Then there came a time when the Shelf Elf put me to shame…
Instead of a cute little note card, Peppermint Holly decided that her actions needed a bigger explanation and left a whole letter for the kids.
“My Dear Hardy Friends,
As I prepare to travel with Santa tonight, I wanted to make sure I took the chance to really ponder on the true meaning of Christmas.
I borrowed your mom’s scriptures and read the real Christmas story last night while it was quiet and I really had time to ponder. The story is found in Luke.
I’ve been thinking a lot about Joseph and the kind of man he really must’ve been to care for Mary during pregnancy and to help raise Jesus. Neither one could’ve been easy. He must’ve been a very special man.
I hope you will each take time to read the real Christmas Story and ponder what you read. It’s the real reason we celebrate the season and there’s a reason it’s so very special.”
I found it interesting that Peppermint Holly’s focus was on Joseph. I’ve always admired him. My thoughts, however, have been with Mary this holiday season. I fully admit that it’s most likely due to the fact that I am round with child as well.
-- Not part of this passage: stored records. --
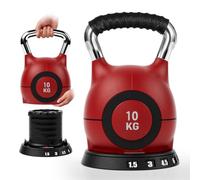 LIFERUN Kettlebell Réglable 10 kg 7-en-1 Musculation (Rouge)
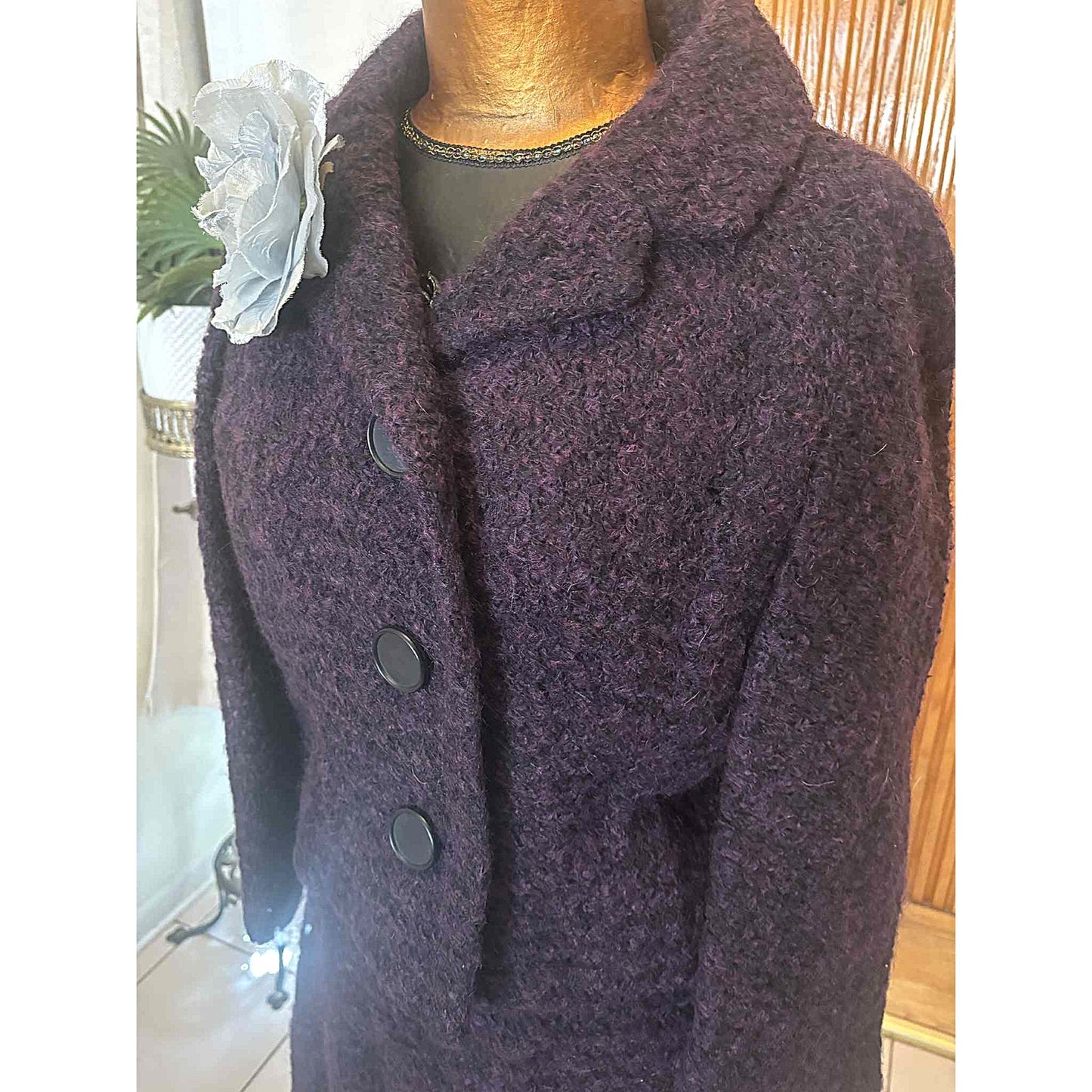 Vintage 1950s Christian Dior New York Mohair Plum Skirt Suit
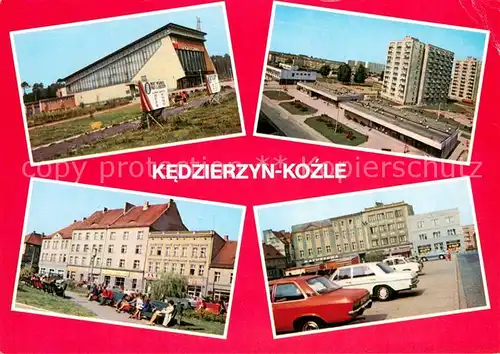 AK / Ansichtskarte Kedzierzyn_Kozle Hala Sportowa Widok ogolny Rynek Kedzierzyn_Kozle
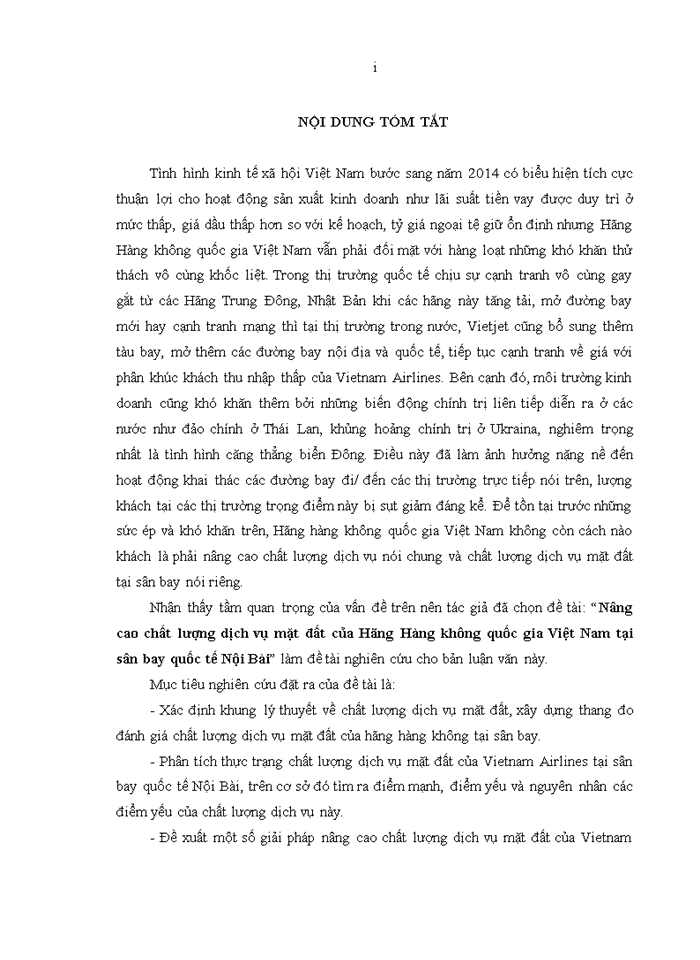 image for page Nâng cao chất lượng dịch vụ mặt đất của Hãng Hàng không quốc gia Việt Nam tại sân bay quốc tế Nội Bài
I’ve only been ‘really’ pregnant around Christmas time one other time and that was with Shaylyn. But at that point in my life, I wasn’t too much of a thinker. Things were just how they were and that was that. At this point in my life, I spend a lot of time thinking about different things. And particularly at this point my thought are on my baby and this pregnancy.
While overall and compared to most, this pregnancy hasn’t been difficult – it has been for me. It’s drained most any energy I have and any random, stupid issue that happens with pregnancy – I’ve had. But, I have a soft, warm bed to spend all day in and in a warm house. I have kids around me that can grab things when I need something and a husband who really lets me get away with a lot.
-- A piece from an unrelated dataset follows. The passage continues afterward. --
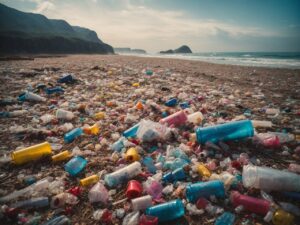 Ein Strand voll mit Plastikflaschen und anderem Müll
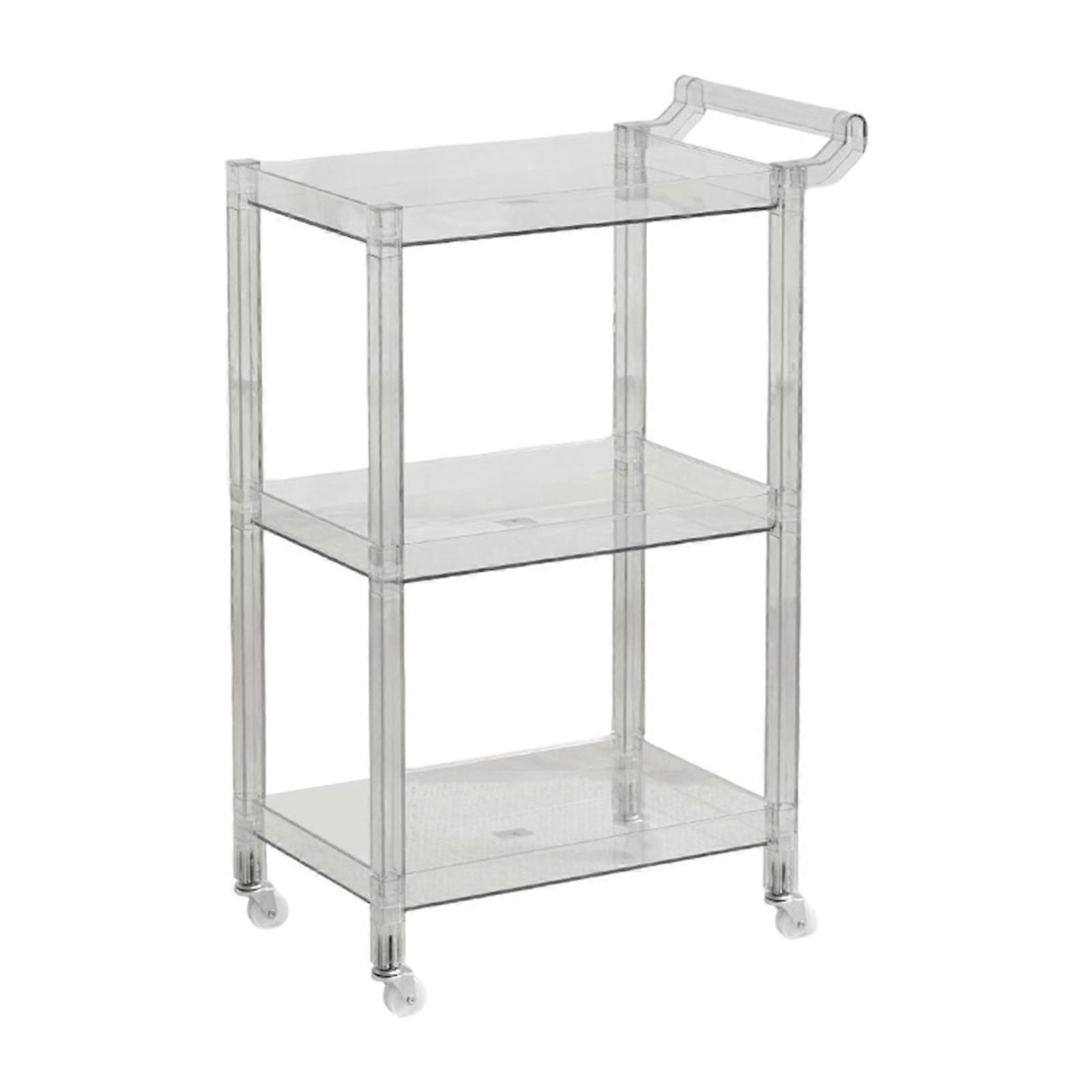 3 Tier Kitchen Storage Rack Multiuse Stable Lightweight with Wheels for Home Clear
Mary’s life wasn’t so easy. I can’t imagine riding on a donkey miles away to a new city. Even the car annoys me at times. Then they find out the only place they can stay is in a place where you keep animals, ugh. The smell alone would be hard enough to handle. Poor Mary has to deliver this baby in such a cold, uninviting environment and yet she still does so without complaint.
I can see so many reasons why God chose Mary to be the mother of Jesus. A lot of us tend to yeild to the natural man and complain about things we don’t think are right or complain when we think life hasn’t been fair to us.
Thinking of Mary, I want to make a better effort to be what the Lord would like me to be. To complain less about frivolous things. To try to be the person that the Lord knows I can be. It’ll take a lot of work, but things that are worth it always do.